Task requirements
Would you print the records below from the first line through the line containing "ASMR Visual triggers", skipping the pictures?

Source data
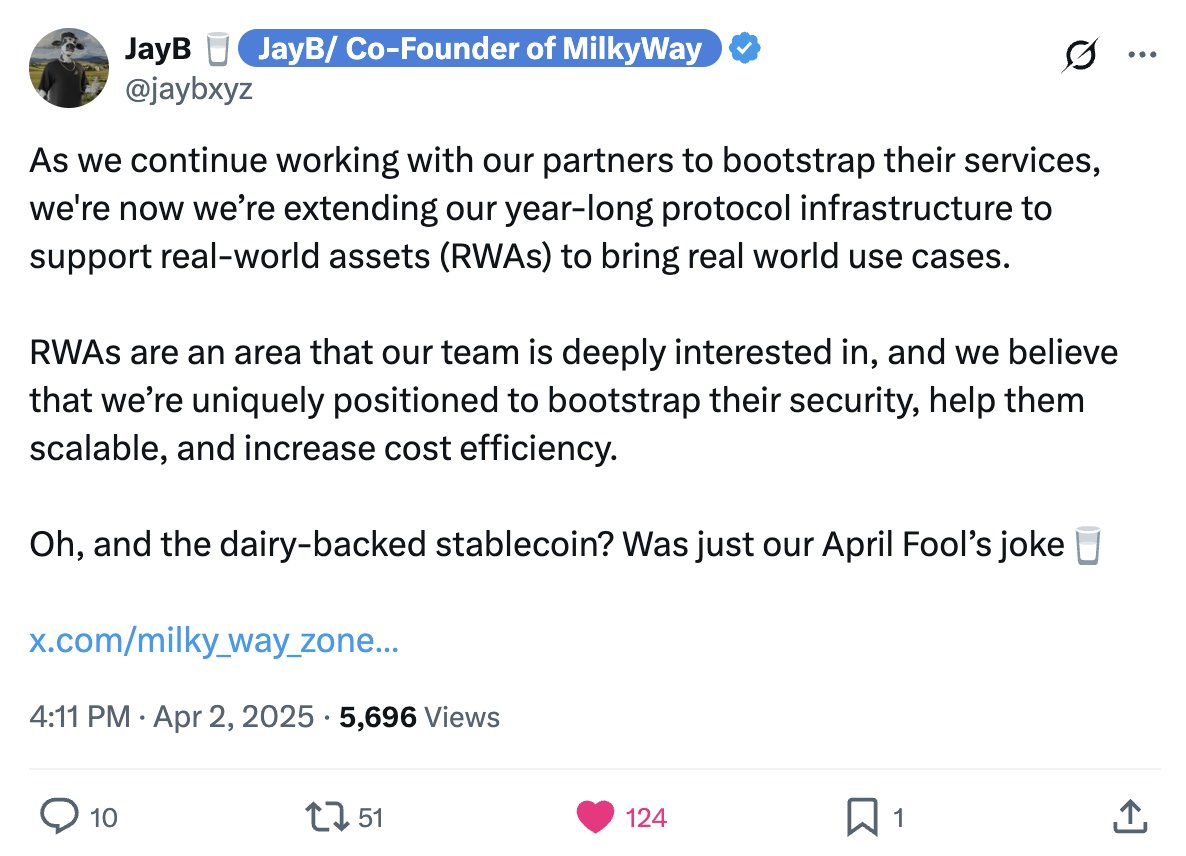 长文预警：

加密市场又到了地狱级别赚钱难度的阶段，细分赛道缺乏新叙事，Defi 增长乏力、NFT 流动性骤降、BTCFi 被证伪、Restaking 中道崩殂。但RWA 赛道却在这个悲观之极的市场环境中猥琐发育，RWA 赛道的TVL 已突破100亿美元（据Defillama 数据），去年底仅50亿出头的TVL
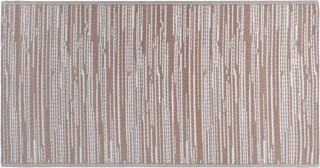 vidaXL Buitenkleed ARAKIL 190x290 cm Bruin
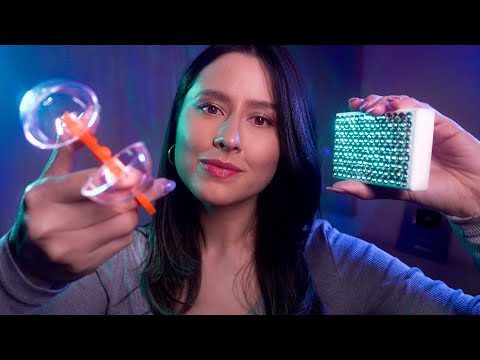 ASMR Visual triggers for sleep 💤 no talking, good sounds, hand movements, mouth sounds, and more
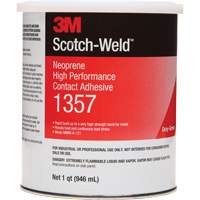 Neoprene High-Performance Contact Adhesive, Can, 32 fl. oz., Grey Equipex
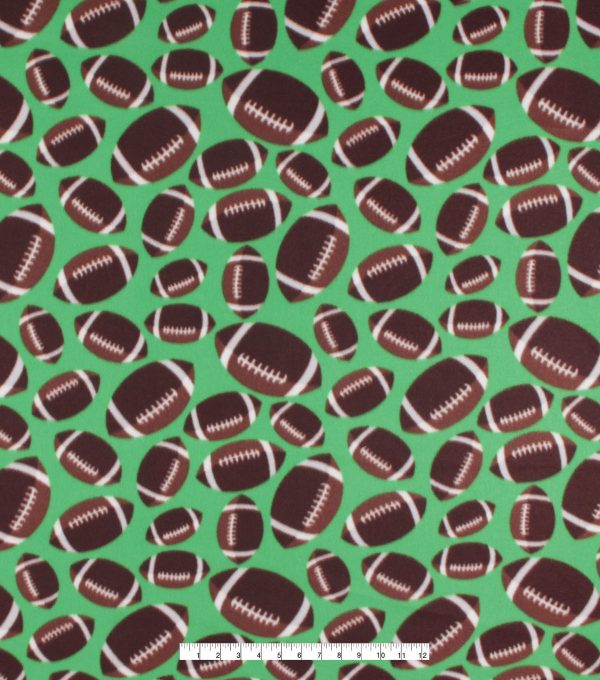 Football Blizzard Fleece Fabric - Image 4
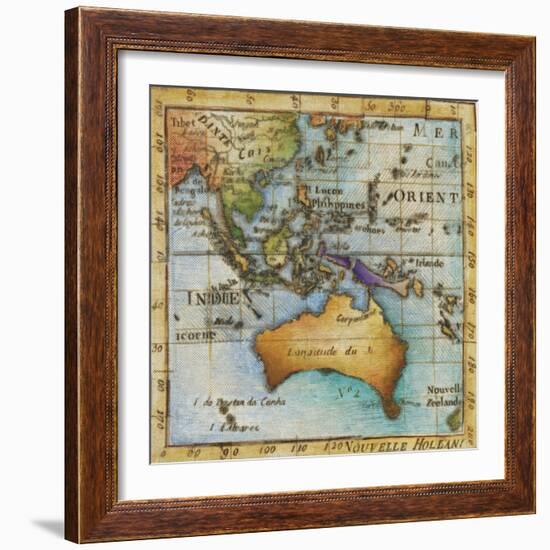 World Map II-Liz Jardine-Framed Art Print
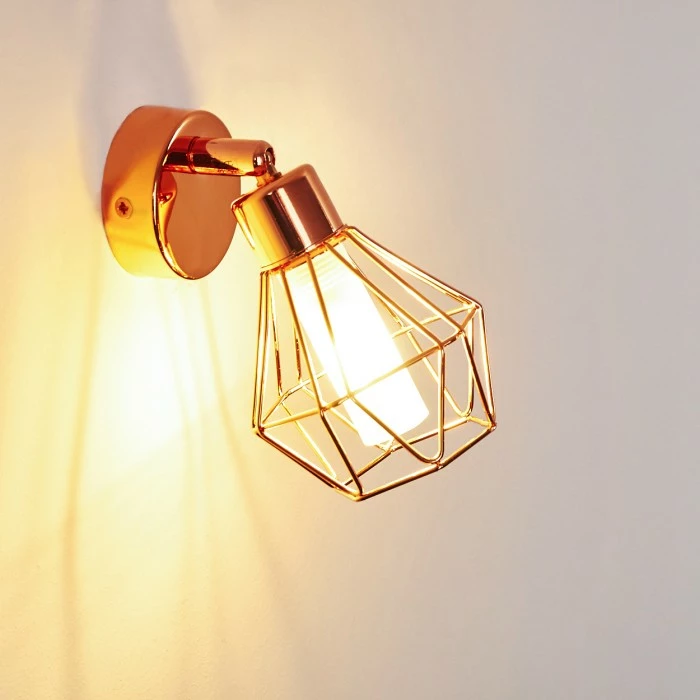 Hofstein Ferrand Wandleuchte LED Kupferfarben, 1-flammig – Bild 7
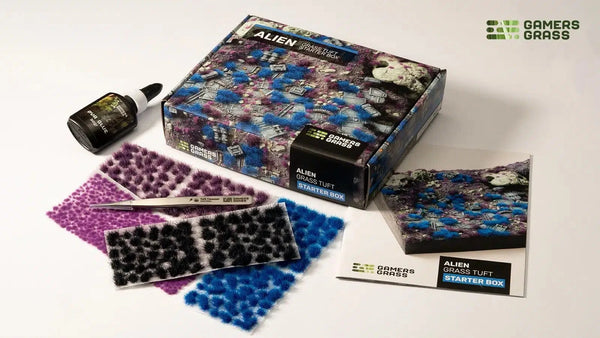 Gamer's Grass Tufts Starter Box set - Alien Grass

Result
 长文预警：

加密市场又到了地狱级别赚钱难度的阶段，细分赛道缺乏新叙事，Defi 增长乏力、NFT 流动性骤降、BTCFi 被证伪、Restaking 中道崩殂。但RWA 赛道却在这个悲观之极的市场环境中猥琐发育，RWA 赛道的TVL 已突破100亿美元（据Defillama 数据），去年底仅50亿出头的TVL
 vidaXL Buitenkleed ARAKIL 190x290 cm Bruin
 ASMR Visual triggers for sleep 💤 no talking, good sounds, hand movements, mouth sounds, and more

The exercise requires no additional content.